Dude awesome analysis.
After hearing "those who oppose UHS support death and holocaust" for almost a week from other forumites it's good to hear a rational voice that lists exactly what each different type of healthcare is. I have a friend from Brazil who says that they have both a public and private option and that the private option is actually cheaper than our private option because the private hospitals have pressure to lower costs to compete with the government.

Thanks.  
Yeah, Brazil is an interesting case.  Their government coverage is financed through federal, state and local taxation, and so follows the National Health Insurance model.  However, an interesting and very democratic wrinkle in Brazil's system is that the public basically gets to vote on what sorts of coverage for given procedures should be offered under national insurance.  But, the system also allows citizens to opt out of the national coverage and buy insurance from (pretty heavily regulated) private companies, and tax rebates are available for citizens who opt to buy from the private maket.  I think the current ratio of Brazilians under government coverage as opposed to those under private coverage is at about 80-20.  The Brazilian system would at first glance seem to support the idea that a public option (assisted by its large pool of customers, bargaining power with providers and government regulations) does force private insurers' rates down.  However, the current form of a public option being conceived in the U.S., unlike the Brazilian version, would have means-tested eligability requirements, and so, while its customer pool would be large, it would not rival Brazil's and would not have nearly the amount of leverage with providers that exists in other systems.  This just goes to show you that the currently crafted U.S. public option, for all the improvements I do think it would offer to American health care financing, would be relatively small potatoes compared to public funding in other countries with more unified systems.
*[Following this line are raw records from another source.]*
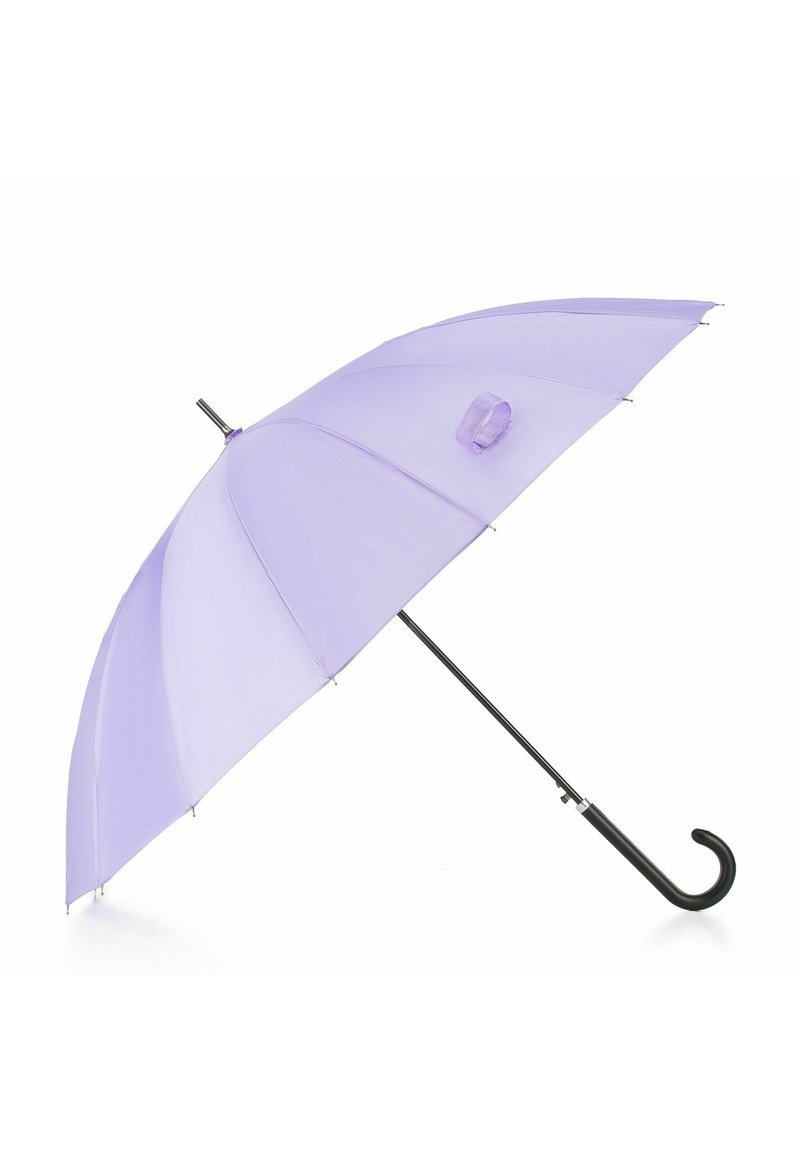 Purple umbrella with a semi-transparent canopy, black curved handle, and metal frame. Features eight ribs and a small hanging loop.
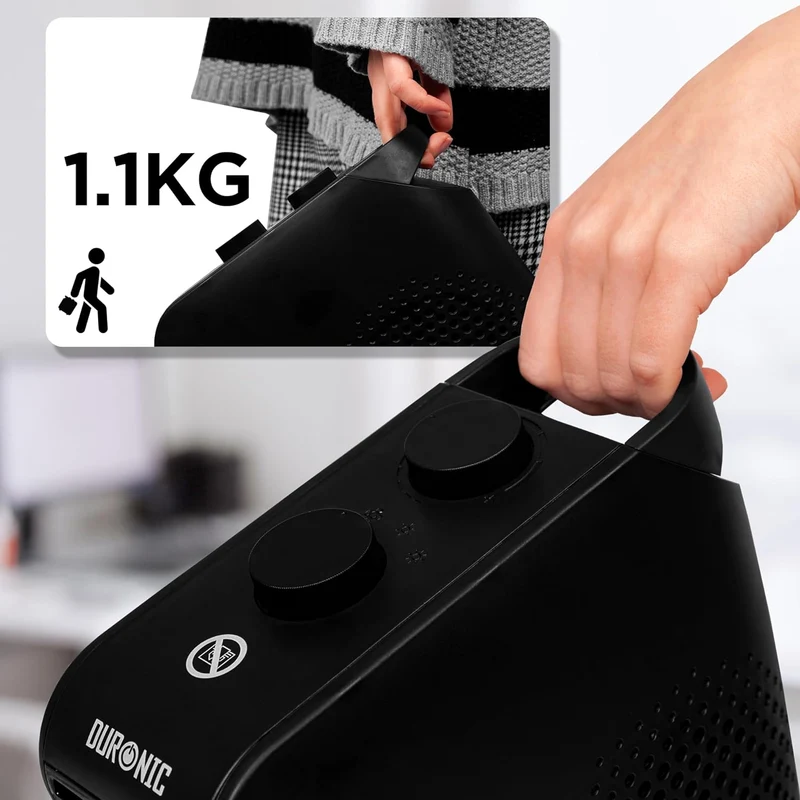 Duronic HV21 Elektroheizkörper 2000W Heizung | Energiesparende Heizung mit Thermostat | Überhitzungsschutz | Ideal für Büro Zuhause Schlafzimmer | Ultra kompakt und portabel | vertikal und horizontal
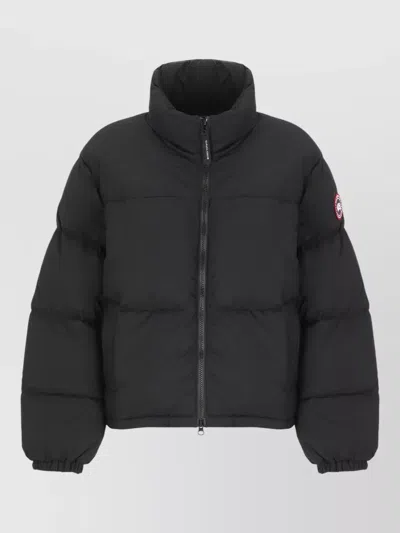 Canada Goose Cropped Puffer Jacket High Neck Hem Drawstring In Brown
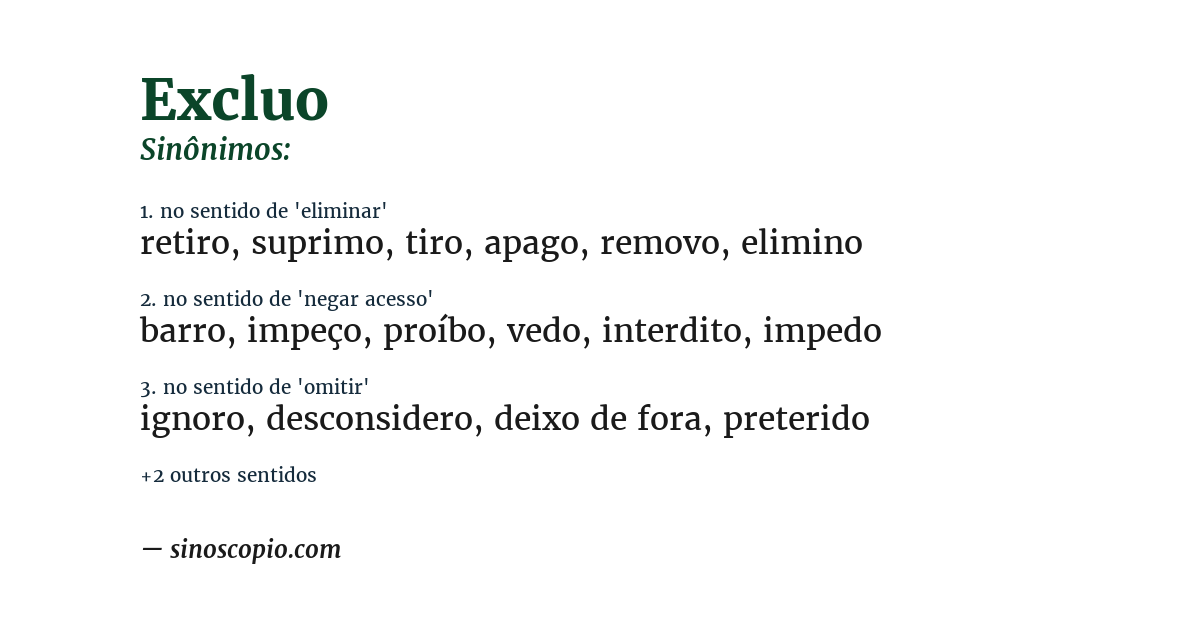 Sinônimo de excluo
But, one problem in Brazil, as in all countries with a universal health care system, is that the providers (hospitals, clinics, doctors) get pretty uniformly low  rates for their services, and this does in certain ways compromise care quality (even though these counties still outperform the U.S. in many types of care).  If these countries would only increase payment rates to providers by a few percent, maxing out total health care expenditures at 10-11% of GDP instead of the standard (6-9%), this problem could be greatly alleviated.

In Reid's analysis, which I think is largely on target, there are several pillars to a successful national health care system.  1.) universal coverage, which creates pools of maximum size to enhance insurers' bargaining power with providers; 2.) a significant degree of available non-profit financing of health care; 3.) as unified a system of finacing as is possible between public and private insurers so that automation of health records can be easily acheived.